§ AIM OF THE EXERCISE:
Copy the entries below verbatim, omitting any pictures they contain.

── INPUT MATERIAL ──

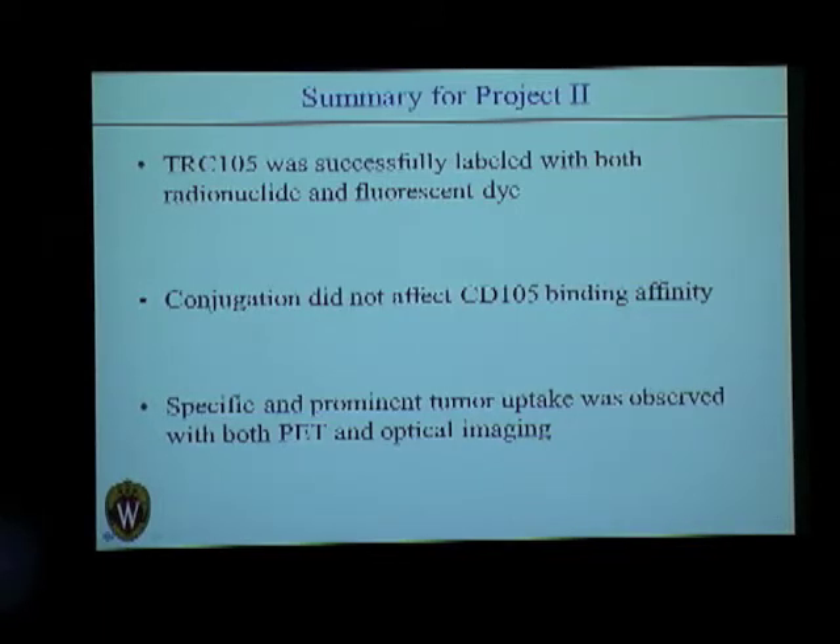We also observed specific and prominent tumor uptake with PET and optical imaging. These are just pilot studies, and we would try to vary the ratios for Desferrioxamine and the dye. A person here also suggested a different dye called phytochrome, which is more towards the NIR range with emission around 900 nanometers — it would show better tumor penetration ability and less absorbance in the tissues.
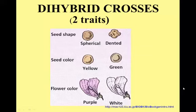Welcome, Brookings Bio students. This is Mrs. Rydell. And today we're going to look at another kind of Punnett square that involves looking at more than one gene at a time — what we call a dihybrid cross.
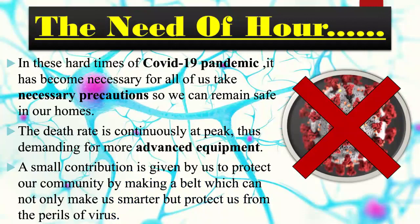First of all, I would like to mention the importance of this project. We all know that in these hard times of the COVID-19 pandemic, it has become necessary for all of us to take all the necessary precautions so that we can remain safe. Along with that, threats due to COVID-19 have constantly risen and are at their peak. So we have made a small contribution towards society which can help protect mankind from this virus.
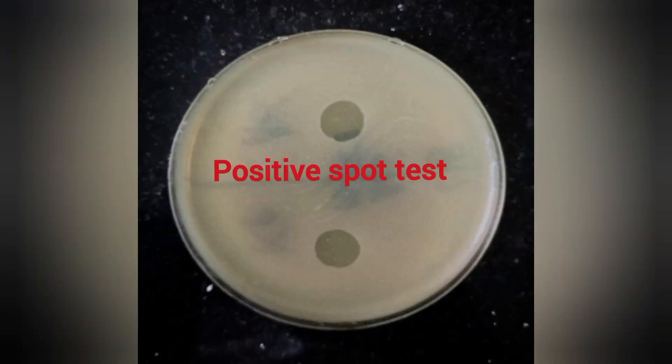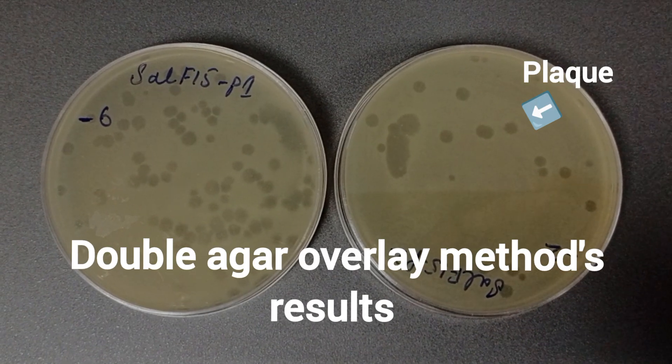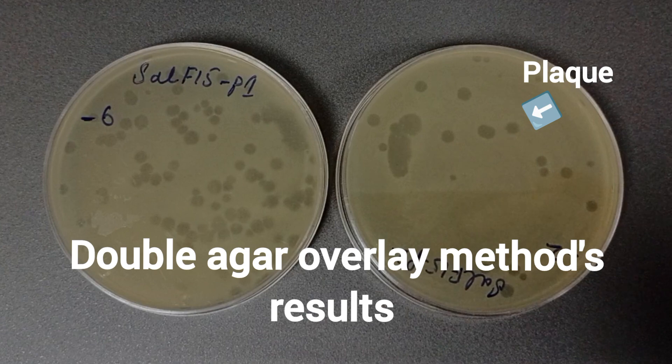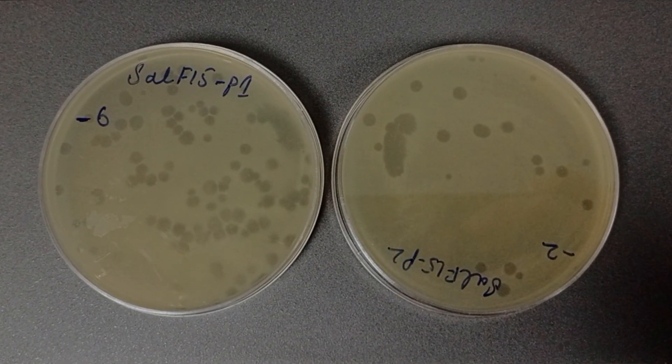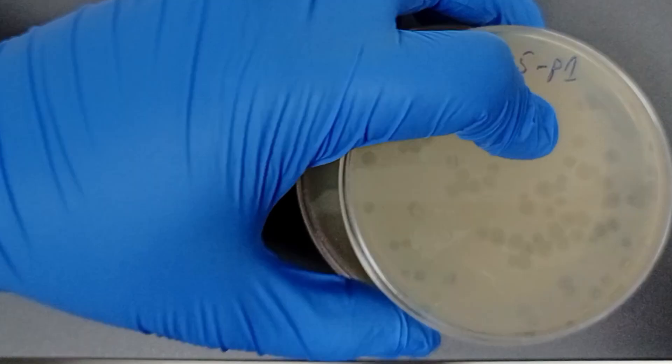We got the positive spot test, which means that there is the presence of phage against the host bacterium. Next, we used the double agar overlay method to test the plaque formation ability for the phages. Today, we are going to purify the plaques for the determination of phage titer.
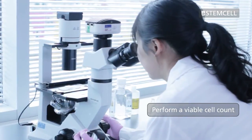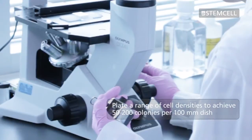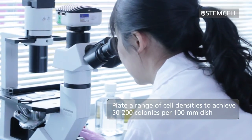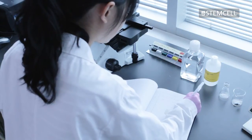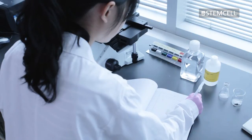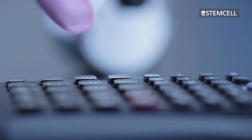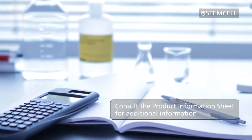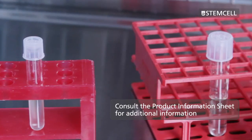Perform a viable cell count and calculate the number of cells to plate. Plating at various cell densities is recommended to achieve 50 to 200 colonies per 100 millimetre dish. The cell concentration used for plating will need to be determined experimentally, as it will vary depending on the transfection efficiency, the condition of the cells, etc. Consult the product information sheet for your specific medium for additional information.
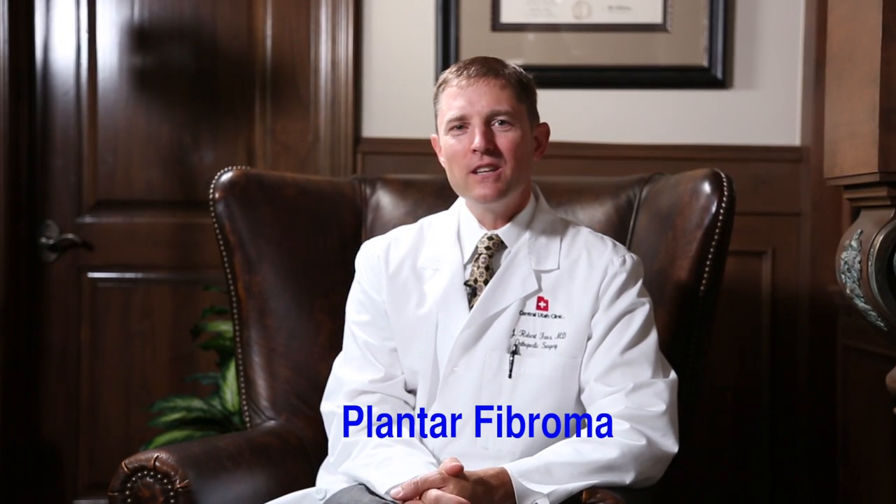Plantar fibroma is a condition that is common but often not recognized. A plantar fibroma is a benign tumor or even just a considerable swelling that occurs in the plantar fascia.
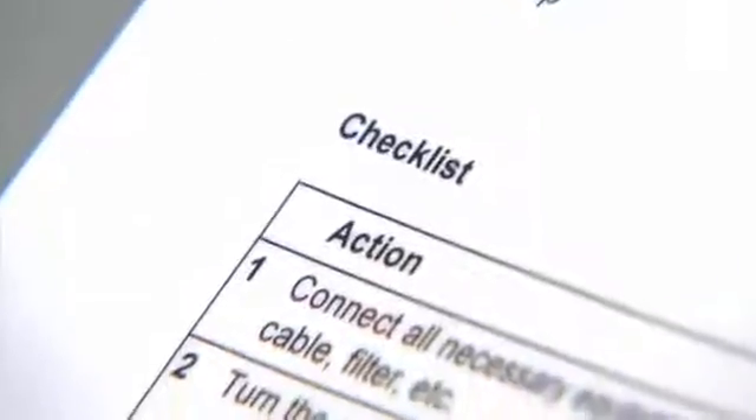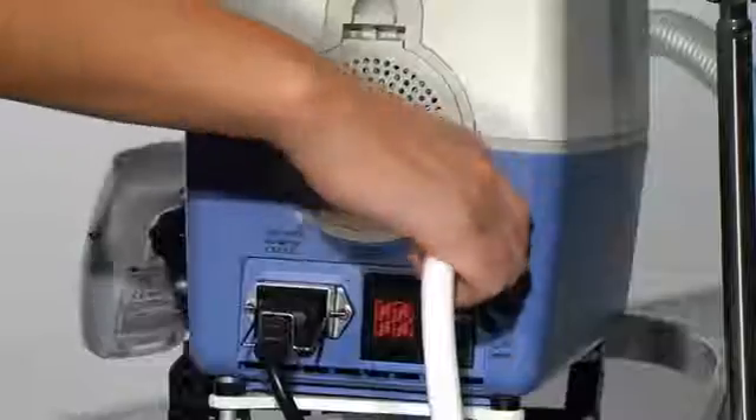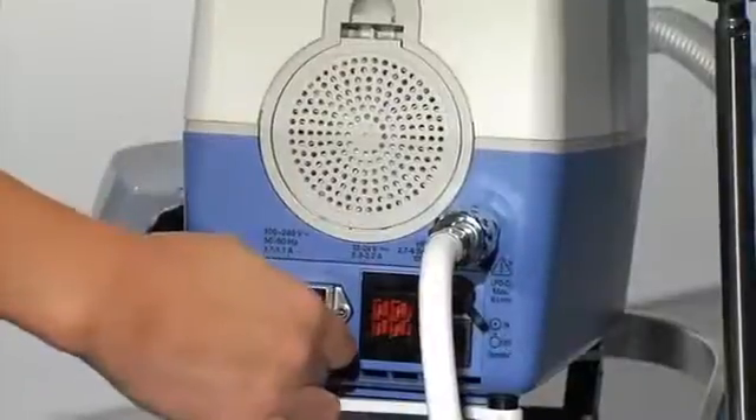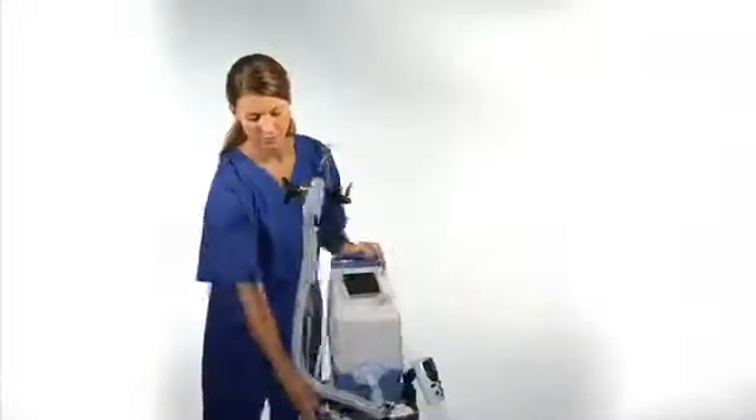The check includes the following steps. Make sure that all the necessary equipment is connected correctly, including the high pressure oxygen hose, power cable, HEPA filter, and bacterial filter.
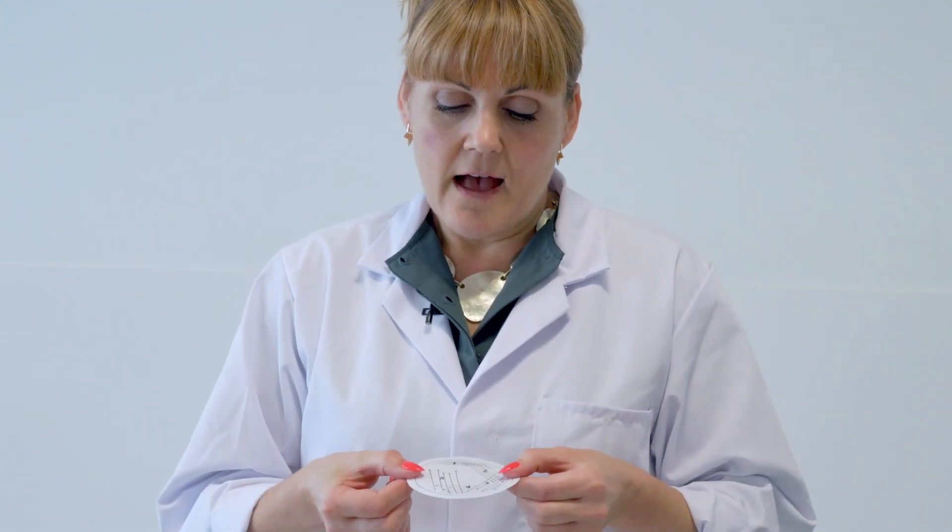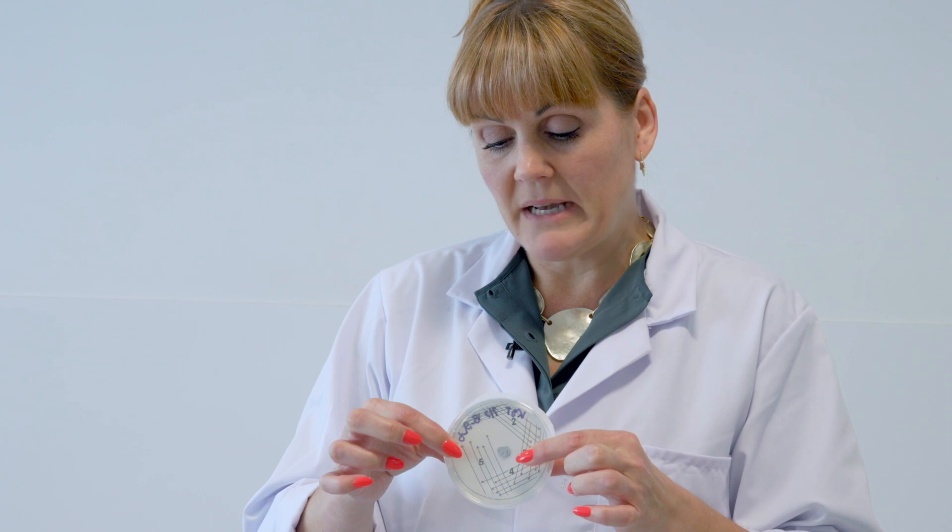We use a stencil for streak plating, which looks like this. I'm going to use a tiny blob of blu-tack to attach the template to the bottom of the Petri dish — otherwise, because I've Virkoned the bench, the paper would just slide all over the place. That is my stencil to create a streak plate. I want to turn it so that part number one, the well where I first deposit the bacteria, is closest to the Bunsen flame.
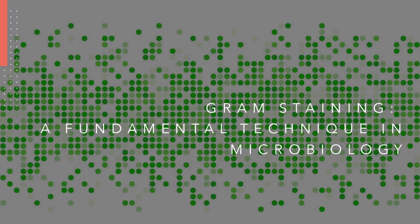Hi friends, welcome back to my channel. Today, we are diving deep into the fascinating world of microbiology as we unravel the secrets hidden within the bacterial cell walls. You are watching BioResource.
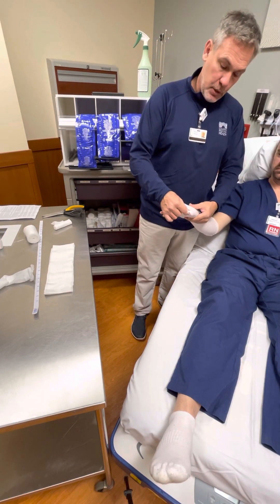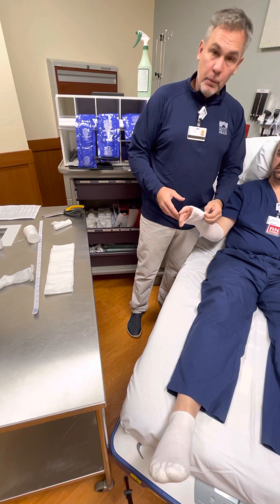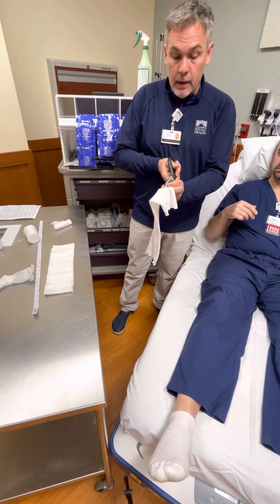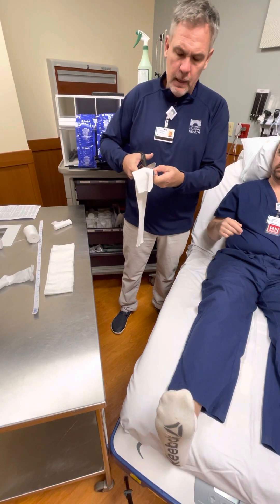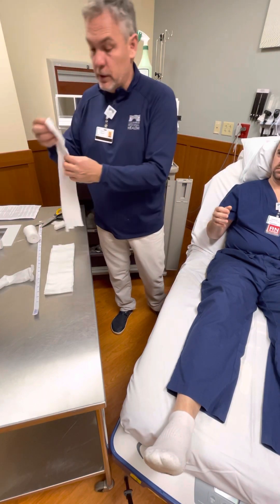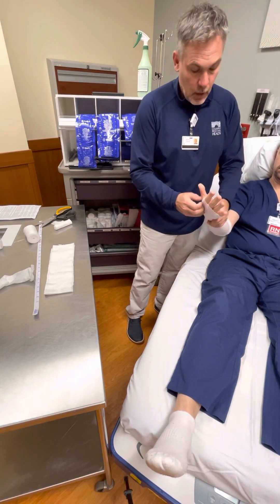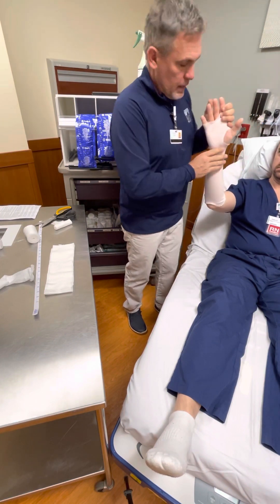We don't want the thumb restricted, so what I do is mark it with my finger, then pull it back off. I don't cut it on the patient because these patients sometimes are moving around and sometimes have very friable skin. All you're trying to do is just open up here so their thumb can go through - you don't want to injure the patient. Thumb goes through, and you make sure it's not causing any big wrinkles. Check his thumb and his hand.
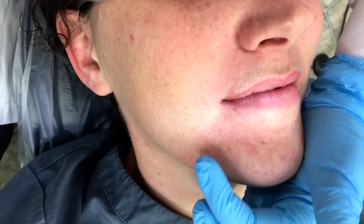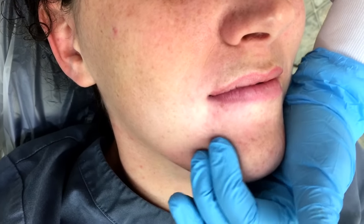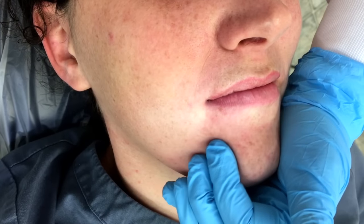I like to tell my patients that they're going to feel like they have a grape in their chin, and I'm going to push on that and massage it into the foramen.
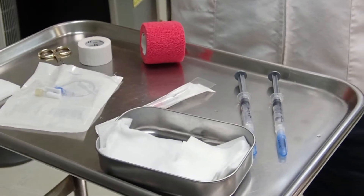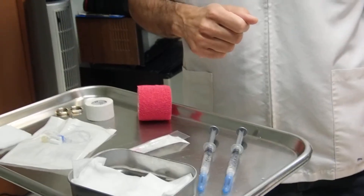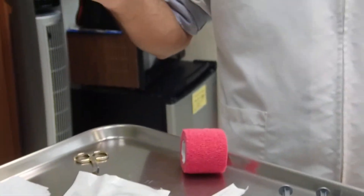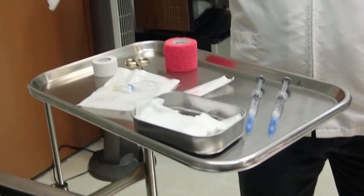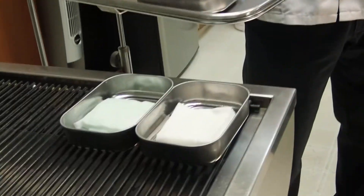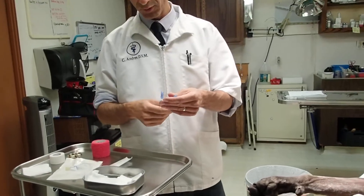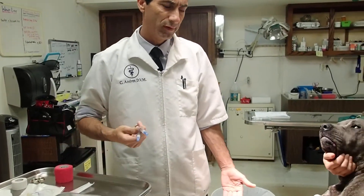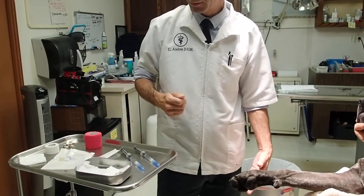What I do mentally is I just walk through the supplies that I'm going to need, and that's how I pull them out. You can have a checklist as well, especially when you're starting off. So we have a 20-gauge intravenous catheter, a T-port, some one-inch white porous tape, some vet wrap, bandage scissors, dry gauze, and gauze with peroxide in case we need to do some cleanup. We have our chlorhexidine scrub, alcohol-soaked gauze sponges, and some saline flush. You could use heparinized saline or just sterile 0.9% sodium chloride, which I prefer. I always prefer not to heparinize my patients before any type of surgery, especially with smaller patients.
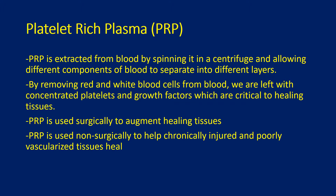Platelet-rich plasma, also known as PRP, is extracted from the body by spinning blood in a centrifuge and allowing different components of blood to separate into different layers. By removing red and white blood cells from the blood, we are left with concentrated platelets and growth factors, which are critical to healing tissues.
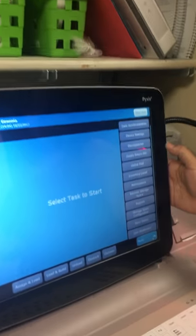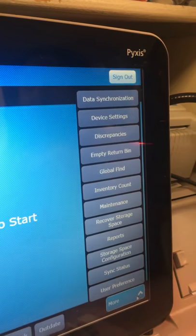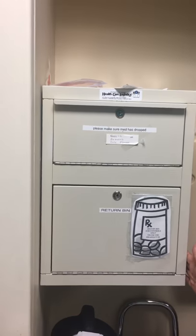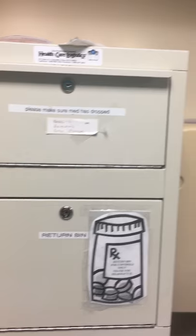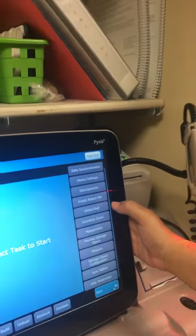Empty return bin is where our nurses will put their narcotic returns when the medication is not given to our patients — they will put it in the return bin, which is only for narcotics. Non-narcotics must be taken down to the pharmacy. Global Find is the option if we don't have the medication inside this Pixis — we can look throughout the whole hospital and go to that nurse's station to get our medication without contacting the pharmacy department.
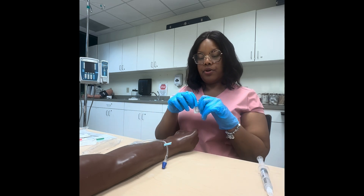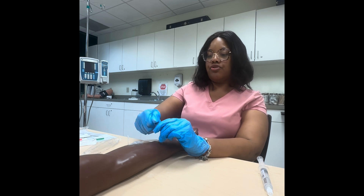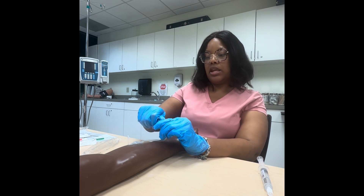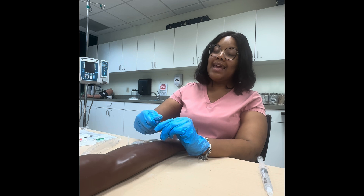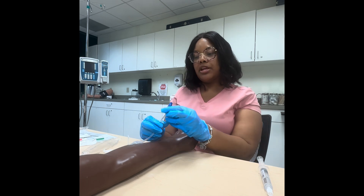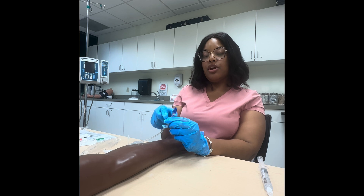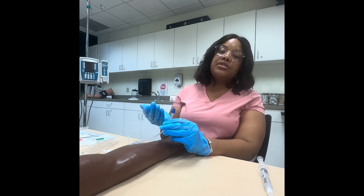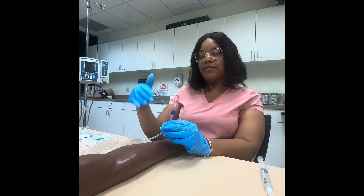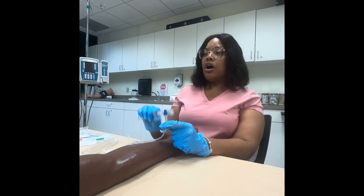We're going to alcohol wipe this hub and scrub it for about 15 seconds to make sure we remove any bacteria, since this didn't have a cap on it — we'll talk about caps later. Also make sure the clamp is on the open side, because if it's on the tightened side we won't be able to use the IV. That clamp is there to prevent backflow of blood coming out of the vein into the line.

───

§ SOLUTION FOR THIS TASK:
We also observed specific and prominent tumor uptake with PET and optical imaging. These are just pilot studies, and we would try to vary the ratios for Desferrioxamine and the dye. A person here also suggested a different dye called phytochrome, which is more towards the NIR range with emission around 900 nanometers — it would show better tumor penetration ability and less absorbance in the tissues.
Welcome, Brookings Bio students. This is Mrs. Rydell. And today we're going to look at another kind of Punnett square that involves looking at more than one gene at a time — what we call a dihybrid cross.
First of all, I would like to mention the importance of this project. We all know that in these hard times of the COVID-19 pandemic, it has become necessary for all of us to take all the necessary precautions so that we can remain safe. Along with that, threats due to COVID-19 have constantly risen and are at their peak. So we have made a small contribution towards society which can help protect mankind from this virus.
We got the positive spot test, which means that there is the presence of phage against the host bacterium. Next, we used the double agar overlay method to test the plaque formation ability for the phages. Today, we are going to purify the plaques for the determination of phage titer.
Perform a viable cell count and calculate the number of cells to plate. Plating at various cell densities is recommended to achieve 50 to 200 colonies per 100 millimetre dish. The cell concentration used for plating will need to be determined experimentally, as it will vary depending on the transfection efficiency, the condition of the cells, etc. Consult the product information sheet for your specific medium for additional information.
Plantar fibroma is a condition that is common but often not recognized. A plantar fibroma is a benign tumor or even just a considerable swelling that occurs in the plantar fascia.
The check includes the following steps. Make sure that all the necessary equipment is connected correctly, including the high pressure oxygen hose, power cable, HEPA filter, and bacterial filter.
We use a stencil for streak plating, which looks like this. I'm going to use a tiny blob of blu-tack to attach the template to the bottom of the Petri dish — otherwise, because I've Virkoned the bench, the paper would just slide all over the place. That is my stencil to create a streak plate. I want to turn it so that part number one, the well where I first deposit the bacteria, is closest to the Bunsen flame.
Hi friends, welcome back to my channel. Today, we are diving deep into the fascinating world of microbiology as we unravel the secrets hidden within the bacterial cell walls. You are watching BioResource.
We don't want the thumb restricted, so what I do is mark it with my finger, then pull it back off. I don't cut it on the patient because these patients sometimes are moving around and sometimes have very friable skin. All you're trying to do is just open up here so their thumb can go through - you don't want to injure the patient. Thumb goes through, and you make sure it's not causing any big wrinkles. Check his thumb and his hand.
I like to tell my patients that they're going to feel like they have a grape in their chin, and I'm going to push on that and massage it into the foramen.
What I do mentally is I just walk through the supplies that I'm going to need, and that's how I pull them out. You can have a checklist as well, especially when you're starting off. So we have a 20-gauge intravenous catheter, a T-port, some one-inch white porous tape, some vet wrap, bandage scissors, dry gauze, and gauze with peroxide in case we need to do some cleanup. We have our chlorhexidine scrub, alcohol-soaked gauze sponges, and some saline flush. You could use heparinized saline or just sterile 0.9% sodium chloride, which I prefer. I always prefer not to heparinize my patients before any type of surgery, especially with smaller patients.
Platelet-rich plasma, also known as PRP, is extracted from the body by spinning blood in a centrifuge and allowing different components of blood to separate into different layers. By removing red and white blood cells from the blood, we are left with concentrated platelets and growth factors, which are critical to healing tissues.
Empty return bin is where our nurses will put their narcotic returns when the medication is not given to our patients — they will put it in the return bin, which is only for narcotics. Non-narcotics must be taken down to the pharmacy. Global Find is the option if we don't have the medication inside this Pixis — we can look throughout the whole hospital and go to that nurse's station to get our medication without contacting the pharmacy department.
We're going to alcohol wipe this hub and scrub it for about 15 seconds to make sure we remove any bacteria, since this didn't have a cap on it — we'll talk about caps later. Also make sure the clamp is on the open side, because if it's on the tightened side we won't be able to use the IV. That clamp is there to prevent backflow of blood coming out of the vein into the line.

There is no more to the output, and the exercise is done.